LiDAR scanning, AI analysis, and digital reconstruction are revealing ancient Greece in ways that would have seemed impossible a decade ago — transforming how we understand one of the world's great civilisations.

The Technology

LiDAR, AI & Digital Reconstruction

LiDAR — Light Detection and Ranging — uses laser pulses to create extraordinarily detailed three-dimensional maps of landscapes, penetrating vegetation to reveal structures hidden beneath. In Greece, it has transformed archaeological survey: sites that would have taken decades to map by traditional methods can now be documented in days, revealing the full extent of ancient settlements, road networks, and agricultural systems.

At Pylos in the Peloponnese, LiDAR survey has revealed the full extent of the Bronze Age palace complex around the Palace of Nestor — showing a landscape of roads, workshops, and outlying settlements that transforms our understanding of Mycenaean urban organisation. Similar surveys are underway at Sparta, Corinth, and across the Aegean islands.

AI analysis is being applied to the vast archives of archaeological data accumulated over 150 years of Greek excavation — finding patterns, connections, and anomalies that human researchers would take lifetimes to identify. Machine learning models trained on pottery typologies can now date sherds with a precision that rivals expert human analysis.

Digital Heritage

Reconstructing the Ancient World

Digital reconstruction — the creation of photorealistic three-dimensional models of ancient buildings and cities — has moved from academic curiosity to mainstream cultural experience. The Acropolis of Athens has been digitally reconstructed in its fifth-century BC state with a precision that allows visitors to walk through the Parthenon as Pericles would have known it, the sculptures in their original polychrome paint, the gold and ivory cult statue of Athena gleaming in the interior.

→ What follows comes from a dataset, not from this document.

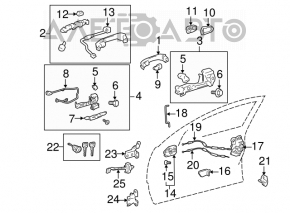 Front left lock cylinder for Toyota Avalon 2012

The Antikythera Mechanism — the extraordinary ancient Greek astronomical computer recovered from a shipwreck in 1901 — has been the subject of a decade-long digital reconstruction project that has finally revealed its full function: a device capable of predicting solar and lunar eclipses, the positions of the planets, and the dates of the Olympic Games. It is the most sophisticated mechanical device known from the ancient world, and its reconstruction has rewritten the history of technology.

These technologies are not merely academic. They are transforming the visitor experience at Greek archaeological sites, making the ancient world accessible and comprehensible to audiences who might otherwise find ruins difficult to interpret. Greece is at the forefront of this digital heritage revolution.